Les partis obéissent à des impulsions qui datent souvent de fort loin. « Le malheur de notre temps, disait, il y a dix ans, un homme de beaucoup d’esprit, c’est que les conservateurs sont devenus révolutionnaires, et que les révolutionnaires n’ont pas su devenir conservateurs. » Le radicalisme, qu’il le veuille ou non, est fidèle à une tradition. La lutte contre les prêtres est demeurée le premier article et presque le seul de son programme. Ce phénomène exerce une action décisive. A l’examiner de près, on verra qu’il se rattache à plusieurs causes.

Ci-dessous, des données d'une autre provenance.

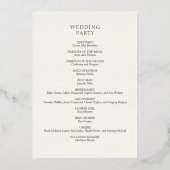 Formal Script Calligraphy Wedding Program Folieneinladung (Rückseite)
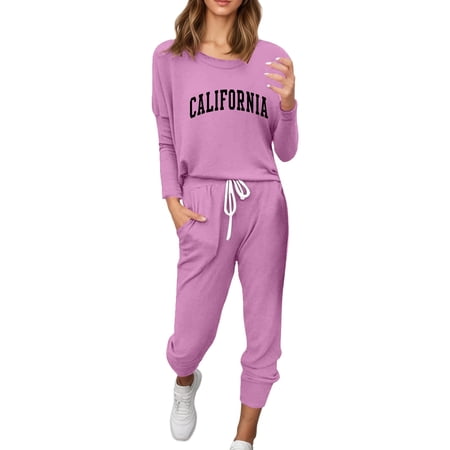 MDUKONU Women s Casual Tracksuit Print Top & Jogger Pants for Streetwear Purple XXL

La révolution a tout bouleversé. De l’ancien régime, que subsisterait-il si le clergé n’existait pas ? Royauté absolue et noblesse, parlemens et provinces, dîmes et tailles, intendans et subdélégués, tout a péri, tout s’est transformé, tout est resté de l’autre côté de ce siècle. Ce qui a reparu a eu grand soin de se déguiser sous d’autres noms. Seuls, après le commun naufrage, les curés se retrouvent à leur poste : ils sont là, dans leur vieille église, montant auprès des âmes la même faction, présidant aux mêmes cérémonies sous les mêmes arceaux, baptisant, mariant, enterrant les petits-fils de ceux qui avaient osé prédire que le clergé disparaîtrait avec les vieux préjugés du passé.

Pour le radical qui a accepté l’héritage de la révolution « en bloc, » cette survivance semble un défi. A ses yeux, la révolution, c’est l’égalité et la laïcité à outrance, c’est le renversement du trône et de l’autel. Le trône est renversé ; mais la révolution ne sera achevée que le jour où l’autel sera abattu.

Il ne sert à rien de se bander les yeux et de se payer de mots. Voilà l’idée simple qui est entrée dans la tête du radical.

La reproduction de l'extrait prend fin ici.